→ **RECORD EXTRACTS**
———
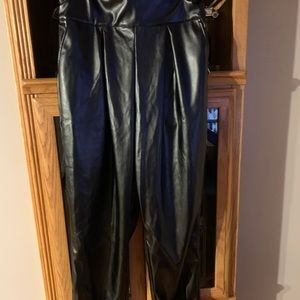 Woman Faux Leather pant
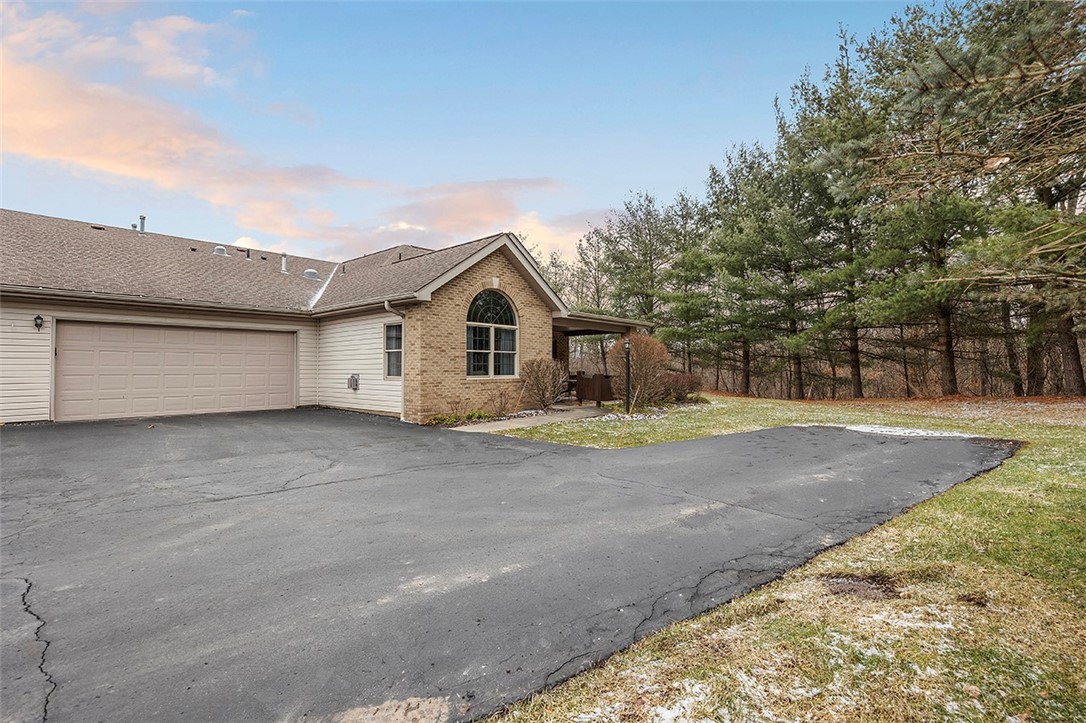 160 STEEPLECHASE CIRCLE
———
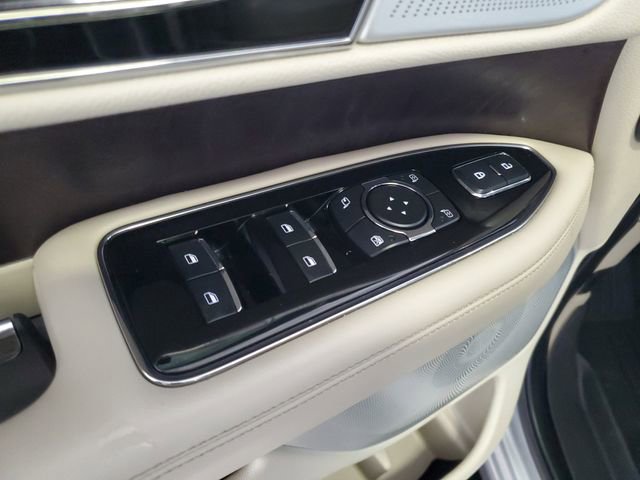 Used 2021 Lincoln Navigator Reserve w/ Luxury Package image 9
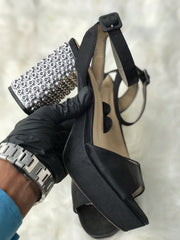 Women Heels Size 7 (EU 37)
———
→ **REQUIRED WORK**
In the entries above, find the line that contains "Woman Faux Leather pant" and the line that contains "160 STEEPLECHASE CIRCLE". Reproduce exactly those two lines and every line between them, but not the pictures.

→ **EXPECTED ANSWER**
 Woman Faux Leather pant
 160 STEEPLECHASE CIRCLE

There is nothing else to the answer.